Karagöz, "Kanıt" belgeselinin de 2,5 ayda tamamlandığını ve Lübnan, İsrail, İtalya, ABD ve İngiltere'de çekildiğini belirterek, belgeselde yer alan Gazze görüntülerinin tamamının, ajansın kendi personeli tarafından çekildiğinin altını çizdi.

Belgesele dünyaca ünlü birçok uzman ve uluslararası kuruluş temsilcisinin katkıda bulunduğunu bildiren Karagöz, “İnsan Hakları İzleme Örgütü, Uluslararası Af Örgütü, Birleşmiş Milletler ve Situ Studios gibi uluslararası insan hakları örgütleri ve kurumları en önde gelen katkı sağlayıcılardır.” diye konuştu.

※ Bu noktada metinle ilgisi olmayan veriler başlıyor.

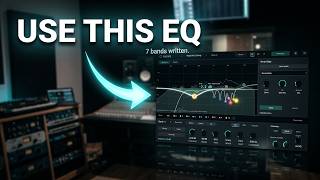 The Free EQ That Listens Before It Cuts | Aurora 1.4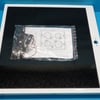 Asko Cooker & Hob Cooktop Glassc. 600 Cyl White Ots - Image 1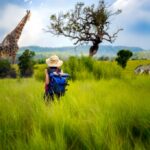 Estados Unidos respalda fondo para safaris sostenibles en África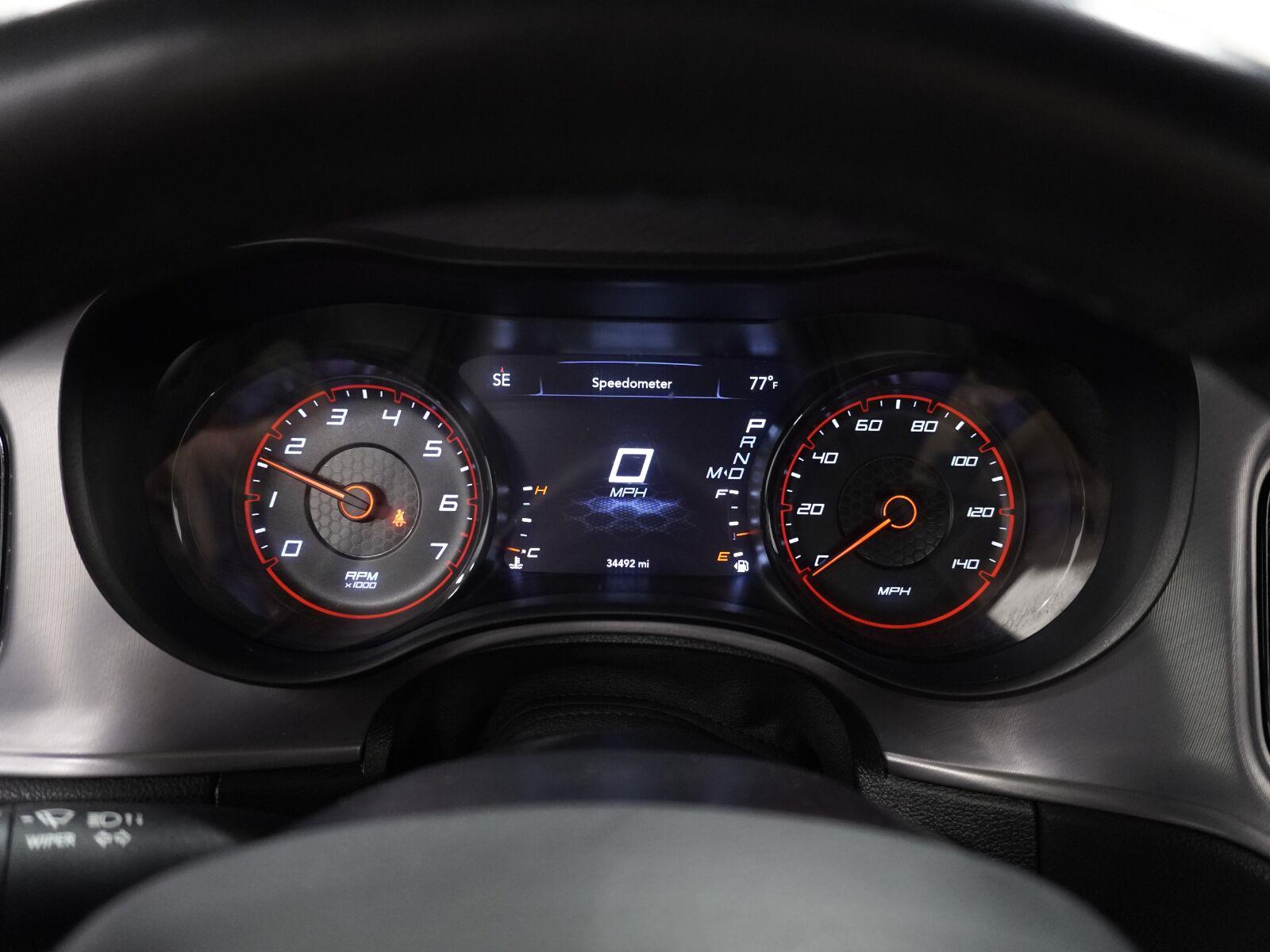 2023 Dodge Charger SXT - Photo 25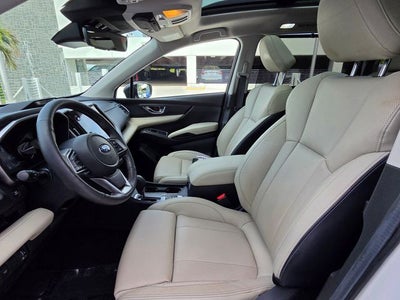 2024 Subaru Ascent Limited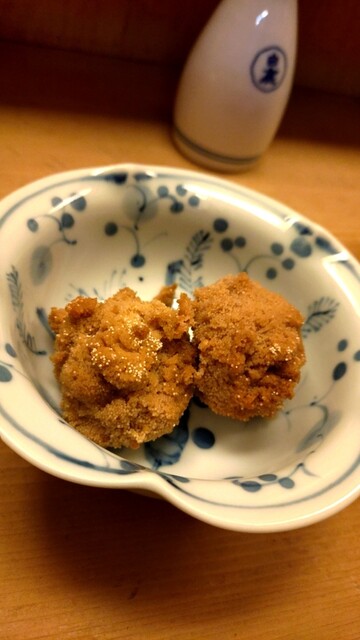 Oden Ippei: Klassische Oden-Theke in Sapporo — 3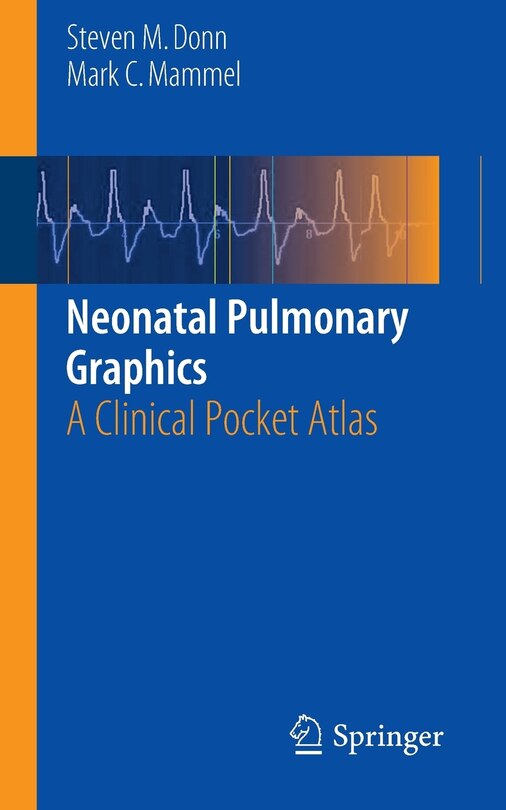 Front cover_Neonatal Pulmonary Graphics
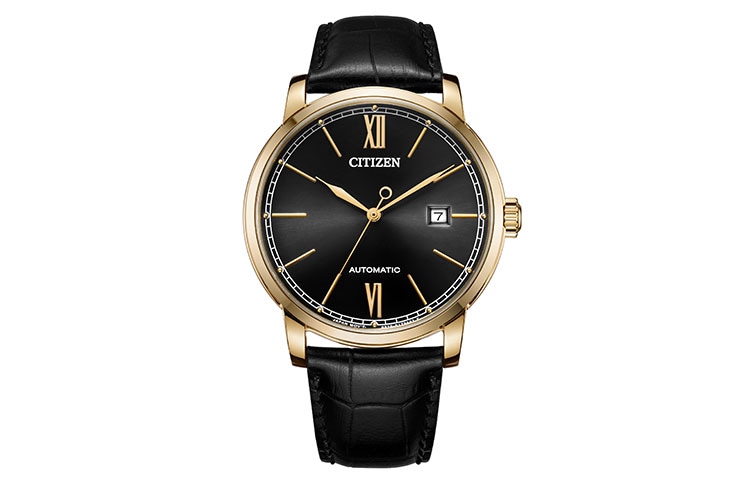 CITIZEN/西铁城 CITIZEN 42mm NJ0133-12E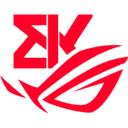 Escudo do BK ROG Esports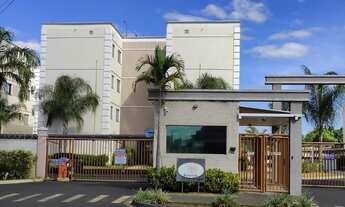 Imagem: Apartamento com elevador 2 dormitórios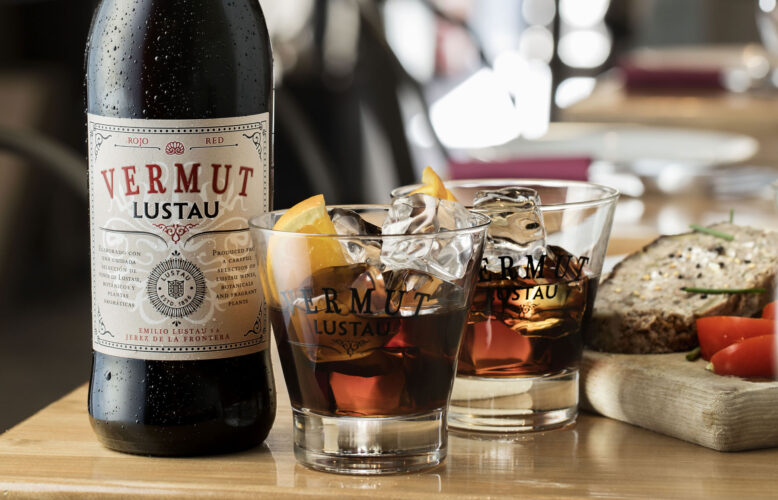 Sherry Vermouth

Karagöz, belgeselin yönetmeni Atakan Kerküklü ve Baş Yapımcı Abdulkadir Karakelle'yi bu anlamlı çalışmanın ortaya çıkmasında gösterdikleri muazzam çaba için tebrik ederek, şunları kaydetti:

“Ayrıca, bizleri parlamentoda ağırlayan milletvekili Tahir Ali'ye ve bu etkinliğin düzenlenmesine yardımcı olan Türkiye'nin Londra Büyükelçisi Osman Koray Ertaş'a teşekkür ediyorum. Anadolu Ajansı olarak gerçeği dile getirme görevimizi yerine getirmeye devam edeceğiz. Bu gerçek bazıları için sakıncalı olsa bile. İnanıyorum ki er ya da geç herkes bu belgeseli izleyecek çünkü gerçeklere ve doğrulara dayanan bu belgesel er ya da geç uluslararası adaleti sağlayacaktır.”

- AA fotoğrafları beyaz fosfor bombası kullanımını belgeledi

Majzoub da konuşmasında, AA'ya Lübnan'ın güneyinde ve Gazze'de yaptığı habercilikten dolayı teşekkür ederken, insan hakları örgütlerinin savaş suçları ve diğer ihlalleri belgelerken basından faydalandığını söyledi.

AA Foto Muhabiri Mustafa Haruf'un İsrail'in kullandığı mühimmata ilişkin fotoğraflarının beyaz fosfor gazı kullanımını ispatlamak açısından önemli olduğunu kaydeden Majzoub, "O fotoğraflar, İsrail ordusunun Gazze'deki yerleşim yerlerinde beyaz fosfor bombası kullanmasına ilişkin çalışmamızı hazırlamamızda kilit bir rol oynadı." dedi.

Majzoub, İsrail'in Lübnan'ın güneyinde bir Reuters çalışanının hayatını kaybettiği, altısının da yaralandığı saldırısına ilişkin raporu hazırlarken de gazetecilerin çalışmalarından faydalandıklarını anlatarak, "Bu kanıtlarla yaptığımız analiz sonucunda saldırının sivillere yönelik direkt bir saldırı olduğu ve bir savaş suçu olarak ele alınması gerektiği sonucuna vardık." diye konuştu.

İsrail'in gazetecilere yönelik saldırılarının savaş suçlarına ilişkin kanıtları elde etmeyi de zorlaştırdığının altını çizen Majzoub, AA'nın çalışmalarının savaşın vahşetini ortaya koyan çok sayıda kanıt elde etmeyi sağladığına vurgu yaptı.